# Clustering coefficient

In graph theory, a clustering coefficient is a measure of the degree to which nodes in a graph tend to cluster together. Evidence suggests that in most real-world networks, and in particular social networks, nodes tend to create tightly knit groups characterised by a relatively high density of ties; this likelihood tends to be greater than the average probability of a tie randomly established between two nodes (Holland and Leinhardt, 1971;[1] Watts and Strogatz, 1998[2]).

Two versions of this measure exist: the global and the local. The global version was designed to give an overall indication of the clustering in the network, whereas the local gives an indication of the embeddedness of single nodes.

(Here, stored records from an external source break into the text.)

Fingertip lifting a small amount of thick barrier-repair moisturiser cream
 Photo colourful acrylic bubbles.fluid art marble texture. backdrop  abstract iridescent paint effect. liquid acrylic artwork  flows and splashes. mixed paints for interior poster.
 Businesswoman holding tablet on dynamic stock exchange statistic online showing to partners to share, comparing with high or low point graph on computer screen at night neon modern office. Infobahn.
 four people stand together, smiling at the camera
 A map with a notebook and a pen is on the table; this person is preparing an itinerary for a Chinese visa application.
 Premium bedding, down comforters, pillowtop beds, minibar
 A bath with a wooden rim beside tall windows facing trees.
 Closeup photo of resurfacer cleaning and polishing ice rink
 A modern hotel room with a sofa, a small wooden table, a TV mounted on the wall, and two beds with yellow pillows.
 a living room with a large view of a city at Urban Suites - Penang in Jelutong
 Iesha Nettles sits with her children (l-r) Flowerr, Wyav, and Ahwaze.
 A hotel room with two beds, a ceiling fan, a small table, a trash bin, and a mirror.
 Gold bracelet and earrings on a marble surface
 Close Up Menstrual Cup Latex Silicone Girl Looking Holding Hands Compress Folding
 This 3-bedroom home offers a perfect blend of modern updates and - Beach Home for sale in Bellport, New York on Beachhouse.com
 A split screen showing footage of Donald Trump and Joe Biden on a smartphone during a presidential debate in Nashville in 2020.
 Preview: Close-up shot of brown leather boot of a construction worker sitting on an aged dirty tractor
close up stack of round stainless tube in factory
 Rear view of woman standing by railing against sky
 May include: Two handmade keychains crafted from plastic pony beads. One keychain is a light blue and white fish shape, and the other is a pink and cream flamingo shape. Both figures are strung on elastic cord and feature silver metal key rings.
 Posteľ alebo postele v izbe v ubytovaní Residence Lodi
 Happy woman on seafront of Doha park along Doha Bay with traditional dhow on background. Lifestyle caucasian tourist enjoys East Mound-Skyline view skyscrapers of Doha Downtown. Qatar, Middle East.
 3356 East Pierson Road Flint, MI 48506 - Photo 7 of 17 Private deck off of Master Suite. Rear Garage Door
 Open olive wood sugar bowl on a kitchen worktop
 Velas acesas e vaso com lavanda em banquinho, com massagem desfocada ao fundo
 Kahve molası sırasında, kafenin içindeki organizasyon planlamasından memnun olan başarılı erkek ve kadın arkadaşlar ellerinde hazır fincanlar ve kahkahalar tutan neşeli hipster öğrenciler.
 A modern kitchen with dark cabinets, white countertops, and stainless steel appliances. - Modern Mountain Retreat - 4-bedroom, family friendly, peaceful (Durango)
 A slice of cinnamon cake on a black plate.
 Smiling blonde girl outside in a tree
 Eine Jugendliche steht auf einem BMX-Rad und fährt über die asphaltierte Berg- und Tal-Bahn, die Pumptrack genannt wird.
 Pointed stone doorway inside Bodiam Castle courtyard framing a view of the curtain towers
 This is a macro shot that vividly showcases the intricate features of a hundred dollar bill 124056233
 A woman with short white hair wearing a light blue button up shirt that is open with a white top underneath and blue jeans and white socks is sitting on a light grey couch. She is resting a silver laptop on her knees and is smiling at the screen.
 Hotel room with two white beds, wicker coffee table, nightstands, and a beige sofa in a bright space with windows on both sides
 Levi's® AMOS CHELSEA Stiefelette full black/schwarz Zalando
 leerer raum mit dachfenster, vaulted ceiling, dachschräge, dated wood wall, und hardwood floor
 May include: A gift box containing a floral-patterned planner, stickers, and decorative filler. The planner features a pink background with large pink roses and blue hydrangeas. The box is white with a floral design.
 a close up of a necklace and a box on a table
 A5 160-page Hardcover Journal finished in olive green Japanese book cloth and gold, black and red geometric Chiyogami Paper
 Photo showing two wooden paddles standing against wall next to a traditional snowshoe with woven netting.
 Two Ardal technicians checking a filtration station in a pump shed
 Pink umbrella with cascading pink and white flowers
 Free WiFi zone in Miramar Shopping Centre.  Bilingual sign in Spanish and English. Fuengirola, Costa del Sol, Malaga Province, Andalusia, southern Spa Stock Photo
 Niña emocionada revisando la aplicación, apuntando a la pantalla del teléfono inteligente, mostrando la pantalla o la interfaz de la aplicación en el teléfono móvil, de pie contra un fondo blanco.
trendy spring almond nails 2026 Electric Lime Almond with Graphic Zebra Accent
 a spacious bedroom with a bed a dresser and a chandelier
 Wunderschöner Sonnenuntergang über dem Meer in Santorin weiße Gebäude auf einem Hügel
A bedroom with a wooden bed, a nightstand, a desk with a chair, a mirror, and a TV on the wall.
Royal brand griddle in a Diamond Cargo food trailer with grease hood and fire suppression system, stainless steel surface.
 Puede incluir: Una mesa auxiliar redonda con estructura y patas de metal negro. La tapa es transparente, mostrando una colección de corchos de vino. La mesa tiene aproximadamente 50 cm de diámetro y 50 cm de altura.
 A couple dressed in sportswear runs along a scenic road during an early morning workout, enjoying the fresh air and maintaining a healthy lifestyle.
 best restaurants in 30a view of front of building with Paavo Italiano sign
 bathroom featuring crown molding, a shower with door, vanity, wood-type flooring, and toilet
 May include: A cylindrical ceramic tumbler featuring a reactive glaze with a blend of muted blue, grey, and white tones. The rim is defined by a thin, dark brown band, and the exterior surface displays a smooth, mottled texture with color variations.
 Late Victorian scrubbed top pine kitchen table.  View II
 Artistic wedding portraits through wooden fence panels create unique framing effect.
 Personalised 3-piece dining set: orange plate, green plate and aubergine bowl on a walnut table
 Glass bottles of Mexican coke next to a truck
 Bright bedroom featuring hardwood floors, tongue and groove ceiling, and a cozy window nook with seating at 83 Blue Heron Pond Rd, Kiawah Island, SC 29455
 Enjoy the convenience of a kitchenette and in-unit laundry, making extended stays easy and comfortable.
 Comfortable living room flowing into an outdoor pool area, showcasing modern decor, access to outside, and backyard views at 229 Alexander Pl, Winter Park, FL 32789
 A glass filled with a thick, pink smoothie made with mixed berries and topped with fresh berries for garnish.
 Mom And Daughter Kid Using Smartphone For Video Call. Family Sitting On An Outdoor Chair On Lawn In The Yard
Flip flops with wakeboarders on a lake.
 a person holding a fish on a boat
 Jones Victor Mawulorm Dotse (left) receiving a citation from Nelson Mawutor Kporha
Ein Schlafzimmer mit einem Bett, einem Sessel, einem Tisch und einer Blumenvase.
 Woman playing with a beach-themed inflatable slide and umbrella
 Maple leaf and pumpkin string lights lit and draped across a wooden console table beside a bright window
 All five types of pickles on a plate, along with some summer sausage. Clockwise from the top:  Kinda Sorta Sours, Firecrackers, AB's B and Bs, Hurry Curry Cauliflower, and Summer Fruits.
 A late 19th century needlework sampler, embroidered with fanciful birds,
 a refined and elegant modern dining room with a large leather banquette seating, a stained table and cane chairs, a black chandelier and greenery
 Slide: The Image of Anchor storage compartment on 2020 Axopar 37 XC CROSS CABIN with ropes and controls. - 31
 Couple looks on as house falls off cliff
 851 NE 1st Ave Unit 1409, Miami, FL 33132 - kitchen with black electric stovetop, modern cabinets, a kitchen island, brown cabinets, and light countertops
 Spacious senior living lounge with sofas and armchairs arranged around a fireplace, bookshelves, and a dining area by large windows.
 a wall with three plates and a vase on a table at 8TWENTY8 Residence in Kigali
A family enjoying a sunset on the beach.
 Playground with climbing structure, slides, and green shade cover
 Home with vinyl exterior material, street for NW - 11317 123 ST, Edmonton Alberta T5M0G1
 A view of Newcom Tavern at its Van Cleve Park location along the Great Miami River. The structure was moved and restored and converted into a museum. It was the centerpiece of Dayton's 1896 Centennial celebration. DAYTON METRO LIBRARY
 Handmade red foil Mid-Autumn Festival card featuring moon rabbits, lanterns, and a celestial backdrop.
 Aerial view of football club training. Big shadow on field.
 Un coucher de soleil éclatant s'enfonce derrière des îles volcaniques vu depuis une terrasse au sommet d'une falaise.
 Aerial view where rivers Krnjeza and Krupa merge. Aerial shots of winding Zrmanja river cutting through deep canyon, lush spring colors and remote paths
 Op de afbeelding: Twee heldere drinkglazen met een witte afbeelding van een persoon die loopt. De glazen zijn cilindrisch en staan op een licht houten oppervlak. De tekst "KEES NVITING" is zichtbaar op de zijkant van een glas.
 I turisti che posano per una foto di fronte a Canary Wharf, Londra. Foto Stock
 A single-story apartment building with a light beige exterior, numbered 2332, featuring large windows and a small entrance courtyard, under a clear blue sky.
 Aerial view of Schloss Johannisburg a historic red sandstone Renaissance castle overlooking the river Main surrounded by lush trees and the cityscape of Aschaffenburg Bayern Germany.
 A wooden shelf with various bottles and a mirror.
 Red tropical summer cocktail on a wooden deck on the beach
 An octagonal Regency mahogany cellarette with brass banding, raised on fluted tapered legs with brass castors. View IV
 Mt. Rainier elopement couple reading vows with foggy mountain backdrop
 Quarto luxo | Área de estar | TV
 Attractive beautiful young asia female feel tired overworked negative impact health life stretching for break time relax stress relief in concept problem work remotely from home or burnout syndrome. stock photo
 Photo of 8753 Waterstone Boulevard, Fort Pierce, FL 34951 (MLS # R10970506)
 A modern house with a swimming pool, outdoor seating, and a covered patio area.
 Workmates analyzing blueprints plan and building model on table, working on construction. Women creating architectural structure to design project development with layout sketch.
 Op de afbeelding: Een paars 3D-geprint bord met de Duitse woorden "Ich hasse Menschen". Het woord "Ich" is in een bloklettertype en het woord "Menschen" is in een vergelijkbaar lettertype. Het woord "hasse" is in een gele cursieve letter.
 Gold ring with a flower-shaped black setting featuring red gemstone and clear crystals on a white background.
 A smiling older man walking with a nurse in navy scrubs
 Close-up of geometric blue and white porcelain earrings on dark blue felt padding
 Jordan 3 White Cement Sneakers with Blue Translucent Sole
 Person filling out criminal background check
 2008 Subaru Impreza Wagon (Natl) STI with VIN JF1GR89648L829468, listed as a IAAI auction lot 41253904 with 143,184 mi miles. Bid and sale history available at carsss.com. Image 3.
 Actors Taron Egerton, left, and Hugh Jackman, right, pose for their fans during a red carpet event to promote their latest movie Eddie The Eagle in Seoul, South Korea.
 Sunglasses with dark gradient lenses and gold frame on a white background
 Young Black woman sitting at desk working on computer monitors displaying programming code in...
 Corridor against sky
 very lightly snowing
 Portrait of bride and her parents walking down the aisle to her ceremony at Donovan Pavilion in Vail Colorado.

## Global clustering coefficient

The global clustering coefficient is based on triplets of nodes. A triplet is three nodes that are connected by either two (open triplet) or three (closed triplet) undirected ties. A triangle graph therefore includes three closed triplets, one centered on each of the nodes (n.b. this means the three triplets in a triangle come from overlapping selections of nodes). The global clustering coefficient is the number of closed triplets (or 3 x triangles) over the total number of triplets (both open and closed). The first attempt to measure it was made by Luce and Perry (1949).[3] This measure gives an indication of the clustering in the whole network (global), and can be applied to both undirected and directed networks (often called transitivity, see Wasserman and Faust, 1994, page 243[4]).

The global clustering coefficient is defined as:

${\displaystyle C={\frac {\mbox{number of closed triplets}}{\mbox{number of all triplets (open and closed)}}}}$ .

The number of closed triplets has also been referred to as 3 × triangles in the literature, so:

${\displaystyle C={\frac {3\times {\mbox{number of triangles}}}{\mbox{number of all triplets}}}}$ .

A generalisation to weighted networks was proposed by Opsahl and Panzarasa (2009),[5] and a redefinition to two-mode networks (both binary and weighted) by Opsahl (2009).[6]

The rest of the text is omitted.